→ Work instructions
Among the records below, find the line that has "Yaşlı Hasta Diş"; from there, give the lines again exactly, and stop after the line that has "Entry Way - 1909".

→ Material shown
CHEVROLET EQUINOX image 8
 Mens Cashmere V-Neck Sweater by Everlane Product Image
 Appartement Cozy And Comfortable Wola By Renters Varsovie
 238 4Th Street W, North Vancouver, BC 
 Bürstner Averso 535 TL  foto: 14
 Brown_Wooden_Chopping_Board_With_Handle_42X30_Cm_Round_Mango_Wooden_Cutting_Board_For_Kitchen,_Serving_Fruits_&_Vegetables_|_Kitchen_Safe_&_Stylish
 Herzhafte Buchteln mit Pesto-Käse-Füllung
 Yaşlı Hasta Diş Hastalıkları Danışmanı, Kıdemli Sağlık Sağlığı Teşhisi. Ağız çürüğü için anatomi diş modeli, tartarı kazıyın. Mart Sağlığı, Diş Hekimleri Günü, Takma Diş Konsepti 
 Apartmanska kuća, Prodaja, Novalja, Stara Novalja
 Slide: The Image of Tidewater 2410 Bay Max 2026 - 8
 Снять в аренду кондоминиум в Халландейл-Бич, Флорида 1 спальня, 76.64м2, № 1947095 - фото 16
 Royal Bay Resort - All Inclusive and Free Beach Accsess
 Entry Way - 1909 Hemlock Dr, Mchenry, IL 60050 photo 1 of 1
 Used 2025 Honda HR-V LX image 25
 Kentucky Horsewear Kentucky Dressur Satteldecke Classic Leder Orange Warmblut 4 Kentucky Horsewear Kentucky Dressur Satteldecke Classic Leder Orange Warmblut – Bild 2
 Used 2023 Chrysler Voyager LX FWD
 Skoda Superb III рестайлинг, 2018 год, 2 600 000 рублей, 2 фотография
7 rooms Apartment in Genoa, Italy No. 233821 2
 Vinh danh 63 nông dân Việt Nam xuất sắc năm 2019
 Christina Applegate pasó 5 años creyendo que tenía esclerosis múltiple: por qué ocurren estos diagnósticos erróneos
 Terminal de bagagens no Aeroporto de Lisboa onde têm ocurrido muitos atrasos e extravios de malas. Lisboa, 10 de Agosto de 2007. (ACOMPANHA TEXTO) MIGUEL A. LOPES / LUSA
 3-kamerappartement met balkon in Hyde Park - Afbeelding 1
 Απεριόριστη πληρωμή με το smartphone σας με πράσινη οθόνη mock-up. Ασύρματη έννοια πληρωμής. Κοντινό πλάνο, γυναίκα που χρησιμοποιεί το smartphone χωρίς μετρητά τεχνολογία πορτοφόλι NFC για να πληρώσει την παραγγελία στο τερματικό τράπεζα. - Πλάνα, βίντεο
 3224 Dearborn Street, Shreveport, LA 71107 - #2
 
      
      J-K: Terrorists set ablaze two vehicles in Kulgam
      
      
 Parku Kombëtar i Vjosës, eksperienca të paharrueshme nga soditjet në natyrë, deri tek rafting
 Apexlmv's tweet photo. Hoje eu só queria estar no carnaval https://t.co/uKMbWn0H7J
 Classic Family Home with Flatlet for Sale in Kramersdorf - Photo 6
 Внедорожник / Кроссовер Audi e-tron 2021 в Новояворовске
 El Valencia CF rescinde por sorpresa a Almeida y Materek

→ Response to this task
 Yaşlı Hasta Diş Hastalıkları Danışmanı, Kıdemli Sağlık Sağlığı Teşhisi. Ağız çürüğü için anatomi diş modeli, tartarı kazıyın. Mart Sağlığı, Diş Hekimleri Günü, Takma Diş Konsepti 
 Apartmanska kuća, Prodaja, Novalja, Stara Novalja
 Slide: The Image of Tidewater 2410 Bay Max 2026 - 8
 Снять в аренду кондоминиум в Халландейл-Бич, Флорида 1 спальня, 76.64м2, № 1947095 - фото 16
 Royal Bay Resort - All Inclusive and Free Beach Accsess
 Entry Way - 1909 Hemlock Dr, Mchenry, IL 60050 photo 1 of 1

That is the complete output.